* [SOURCE MATERIAL]:
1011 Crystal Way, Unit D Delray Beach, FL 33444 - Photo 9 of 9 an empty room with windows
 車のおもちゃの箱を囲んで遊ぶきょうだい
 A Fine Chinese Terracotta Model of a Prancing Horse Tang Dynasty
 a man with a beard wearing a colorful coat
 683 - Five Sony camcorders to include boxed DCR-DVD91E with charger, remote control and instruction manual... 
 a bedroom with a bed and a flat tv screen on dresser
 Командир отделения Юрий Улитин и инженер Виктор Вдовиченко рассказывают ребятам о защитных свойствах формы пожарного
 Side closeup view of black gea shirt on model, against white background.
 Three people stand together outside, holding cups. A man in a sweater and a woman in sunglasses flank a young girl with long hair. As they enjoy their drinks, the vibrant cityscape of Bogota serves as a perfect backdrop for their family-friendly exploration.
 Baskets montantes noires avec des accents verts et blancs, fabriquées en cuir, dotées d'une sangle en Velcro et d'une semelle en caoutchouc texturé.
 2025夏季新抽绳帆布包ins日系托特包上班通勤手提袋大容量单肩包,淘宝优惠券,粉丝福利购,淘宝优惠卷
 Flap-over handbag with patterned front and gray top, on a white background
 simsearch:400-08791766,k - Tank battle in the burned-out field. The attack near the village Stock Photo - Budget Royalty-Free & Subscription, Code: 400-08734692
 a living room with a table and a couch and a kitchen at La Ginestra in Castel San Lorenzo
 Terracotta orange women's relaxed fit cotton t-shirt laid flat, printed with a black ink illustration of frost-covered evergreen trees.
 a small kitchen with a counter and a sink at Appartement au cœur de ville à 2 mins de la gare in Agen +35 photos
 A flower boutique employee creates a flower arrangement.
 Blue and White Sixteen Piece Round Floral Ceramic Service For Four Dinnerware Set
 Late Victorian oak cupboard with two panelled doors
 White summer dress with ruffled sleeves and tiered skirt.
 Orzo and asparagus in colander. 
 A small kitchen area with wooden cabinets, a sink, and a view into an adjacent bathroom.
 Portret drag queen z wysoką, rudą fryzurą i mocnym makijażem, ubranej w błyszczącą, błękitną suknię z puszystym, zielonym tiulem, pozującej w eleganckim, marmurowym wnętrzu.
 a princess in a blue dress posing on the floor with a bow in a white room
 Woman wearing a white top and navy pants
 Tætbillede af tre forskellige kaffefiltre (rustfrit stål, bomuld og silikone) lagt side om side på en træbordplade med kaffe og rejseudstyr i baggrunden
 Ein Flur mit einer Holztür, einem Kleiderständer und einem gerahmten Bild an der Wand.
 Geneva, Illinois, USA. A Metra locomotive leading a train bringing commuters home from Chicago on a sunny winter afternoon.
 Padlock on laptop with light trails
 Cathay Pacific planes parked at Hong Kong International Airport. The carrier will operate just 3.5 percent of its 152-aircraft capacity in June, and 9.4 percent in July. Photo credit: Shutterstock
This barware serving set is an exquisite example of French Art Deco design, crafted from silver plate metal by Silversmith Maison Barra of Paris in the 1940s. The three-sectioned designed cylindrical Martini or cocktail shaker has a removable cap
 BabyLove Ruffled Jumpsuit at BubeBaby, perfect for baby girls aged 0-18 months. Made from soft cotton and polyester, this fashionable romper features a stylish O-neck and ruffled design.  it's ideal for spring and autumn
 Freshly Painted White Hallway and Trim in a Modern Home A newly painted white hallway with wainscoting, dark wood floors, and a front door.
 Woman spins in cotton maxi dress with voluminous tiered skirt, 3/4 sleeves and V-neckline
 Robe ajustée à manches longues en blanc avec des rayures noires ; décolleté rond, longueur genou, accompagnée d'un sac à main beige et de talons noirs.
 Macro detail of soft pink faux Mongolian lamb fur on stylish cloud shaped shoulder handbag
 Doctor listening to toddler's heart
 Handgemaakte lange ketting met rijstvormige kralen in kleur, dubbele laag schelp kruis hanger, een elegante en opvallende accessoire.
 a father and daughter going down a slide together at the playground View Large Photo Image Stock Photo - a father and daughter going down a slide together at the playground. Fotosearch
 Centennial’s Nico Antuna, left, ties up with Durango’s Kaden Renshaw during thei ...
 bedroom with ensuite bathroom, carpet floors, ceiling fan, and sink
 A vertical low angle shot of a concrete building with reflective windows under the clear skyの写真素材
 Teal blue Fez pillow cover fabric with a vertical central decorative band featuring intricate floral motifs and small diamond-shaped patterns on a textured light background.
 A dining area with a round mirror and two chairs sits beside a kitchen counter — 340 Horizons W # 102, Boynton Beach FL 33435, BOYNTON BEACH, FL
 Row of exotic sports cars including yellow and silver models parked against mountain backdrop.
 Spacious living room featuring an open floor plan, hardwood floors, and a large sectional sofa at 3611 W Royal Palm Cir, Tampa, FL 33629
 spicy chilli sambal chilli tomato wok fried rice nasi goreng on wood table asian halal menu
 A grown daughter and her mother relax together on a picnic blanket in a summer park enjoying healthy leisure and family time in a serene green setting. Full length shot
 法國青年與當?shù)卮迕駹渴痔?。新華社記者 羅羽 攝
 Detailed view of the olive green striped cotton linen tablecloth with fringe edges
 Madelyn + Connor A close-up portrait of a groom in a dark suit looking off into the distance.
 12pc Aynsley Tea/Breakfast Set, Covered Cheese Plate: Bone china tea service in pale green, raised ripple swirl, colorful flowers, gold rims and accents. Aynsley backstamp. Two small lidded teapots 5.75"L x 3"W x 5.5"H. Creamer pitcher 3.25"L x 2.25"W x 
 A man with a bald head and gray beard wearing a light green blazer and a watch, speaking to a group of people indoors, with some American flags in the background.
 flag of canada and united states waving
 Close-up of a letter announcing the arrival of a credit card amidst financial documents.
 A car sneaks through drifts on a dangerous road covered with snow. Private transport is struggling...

* [EXERCISE GOAL]: Only the lines from the first line of the records through the line with "Side closeup view" should be reproduced, exactly and with nothing added.

* [SOLUTION TO THIS EXERCISE]:
1011 Crystal Way, Unit D Delray Beach, FL 33444 - Photo 9 of 9 an empty room with windows
 車のおもちゃの箱を囲んで遊ぶきょうだい
 A Fine Chinese Terracotta Model of a Prancing Horse Tang Dynasty
 a man with a beard wearing a colorful coat
 683 - Five Sony camcorders to include boxed DCR-DVD91E with charger, remote control and instruction manual... 
 a bedroom with a bed and a flat tv screen on dresser
 Командир отделения Юрий Улитин и инженер Виктор Вдовиченко рассказывают ребятам о защитных свойствах формы пожарного
 Side closeup view of black gea shirt on model, against white background.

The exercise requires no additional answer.